Problem details: When you output the entries, begin with the first line and end with the line containing "Urban Classics It", keeping each line exactly as it is.

Dataset excerpts:
>>

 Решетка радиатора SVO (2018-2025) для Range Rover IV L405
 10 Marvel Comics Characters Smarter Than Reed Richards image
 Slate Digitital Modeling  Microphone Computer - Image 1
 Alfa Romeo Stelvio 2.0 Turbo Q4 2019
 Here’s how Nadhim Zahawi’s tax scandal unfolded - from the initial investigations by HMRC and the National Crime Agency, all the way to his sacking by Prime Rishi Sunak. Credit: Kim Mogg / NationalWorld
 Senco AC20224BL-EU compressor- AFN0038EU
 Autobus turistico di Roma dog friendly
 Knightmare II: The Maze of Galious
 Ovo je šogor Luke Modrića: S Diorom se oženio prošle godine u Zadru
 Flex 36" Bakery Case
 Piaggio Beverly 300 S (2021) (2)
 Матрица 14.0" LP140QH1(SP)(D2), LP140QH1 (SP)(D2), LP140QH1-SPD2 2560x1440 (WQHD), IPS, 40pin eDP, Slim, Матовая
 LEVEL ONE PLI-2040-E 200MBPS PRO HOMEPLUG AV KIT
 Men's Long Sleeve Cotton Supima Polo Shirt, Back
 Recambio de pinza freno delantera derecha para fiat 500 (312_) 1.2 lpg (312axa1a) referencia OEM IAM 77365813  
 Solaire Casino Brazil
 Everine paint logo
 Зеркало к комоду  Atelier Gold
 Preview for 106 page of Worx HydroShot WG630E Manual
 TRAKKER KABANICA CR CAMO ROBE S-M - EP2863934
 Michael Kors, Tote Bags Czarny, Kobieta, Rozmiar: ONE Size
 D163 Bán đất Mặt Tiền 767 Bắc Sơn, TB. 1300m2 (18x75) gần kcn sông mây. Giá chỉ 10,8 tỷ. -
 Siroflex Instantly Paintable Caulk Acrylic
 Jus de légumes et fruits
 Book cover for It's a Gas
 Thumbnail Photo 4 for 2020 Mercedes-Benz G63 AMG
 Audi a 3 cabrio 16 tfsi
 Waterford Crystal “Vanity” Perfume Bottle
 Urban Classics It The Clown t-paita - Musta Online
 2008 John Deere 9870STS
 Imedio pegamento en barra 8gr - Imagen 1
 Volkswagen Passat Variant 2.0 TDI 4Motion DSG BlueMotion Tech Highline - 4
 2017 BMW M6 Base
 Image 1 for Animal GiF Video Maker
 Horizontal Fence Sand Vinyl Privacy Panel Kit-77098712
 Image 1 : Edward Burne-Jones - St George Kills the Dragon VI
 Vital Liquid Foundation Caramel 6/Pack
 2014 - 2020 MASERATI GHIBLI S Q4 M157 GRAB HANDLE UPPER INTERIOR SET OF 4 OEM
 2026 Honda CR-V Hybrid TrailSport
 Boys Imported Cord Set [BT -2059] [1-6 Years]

<<

Exercise response:
 Решетка радиатора SVO (2018-2025) для Range Rover IV L405
 10 Marvel Comics Characters Smarter Than Reed Richards image
 Slate Digitital Modeling  Microphone Computer - Image 1
 Alfa Romeo Stelvio 2.0 Turbo Q4 2019
 Here’s how Nadhim Zahawi’s tax scandal unfolded - from the initial investigations by HMRC and the National Crime Agency, all the way to his sacking by Prime Rishi Sunak. Credit: Kim Mogg / NationalWorld
 Senco AC20224BL-EU compressor- AFN0038EU
 Autobus turistico di Roma dog friendly
 Knightmare II: The Maze of Galious
 Ovo je šogor Luke Modrića: S Diorom se oženio prošle godine u Zadru
 Flex 36" Bakery Case
 Piaggio Beverly 300 S (2021) (2)
 Матрица 14.0" LP140QH1(SP)(D2), LP140QH1 (SP)(D2), LP140QH1-SPD2 2560x1440 (WQHD), IPS, 40pin eDP, Slim, Матовая
 LEVEL ONE PLI-2040-E 200MBPS PRO HOMEPLUG AV KIT
 Men's Long Sleeve Cotton Supima Polo Shirt, Back
 Recambio de pinza freno delantera derecha para fiat 500 (312_) 1.2 lpg (312axa1a) referencia OEM IAM 77365813  
 Solaire Casino Brazil
 Everine paint logo
 Зеркало к комоду  Atelier Gold
 Preview for 106 page of Worx HydroShot WG630E Manual
 TRAKKER KABANICA CR CAMO ROBE S-M - EP2863934
 Michael Kors, Tote Bags Czarny, Kobieta, Rozmiar: ONE Size
 D163 Bán đất Mặt Tiền 767 Bắc Sơn, TB. 1300m2 (18x75) gần kcn sông mây. Giá chỉ 10,8 tỷ. -
 Siroflex Instantly Paintable Caulk Acrylic
 Jus de légumes et fruits
 Book cover for It's a Gas
 Thumbnail Photo 4 for 2020 Mercedes-Benz G63 AMG
 Audi a 3 cabrio 16 tfsi
 Waterford Crystal “Vanity” Perfume Bottle
 Urban Classics It The Clown t-paita - Musta Online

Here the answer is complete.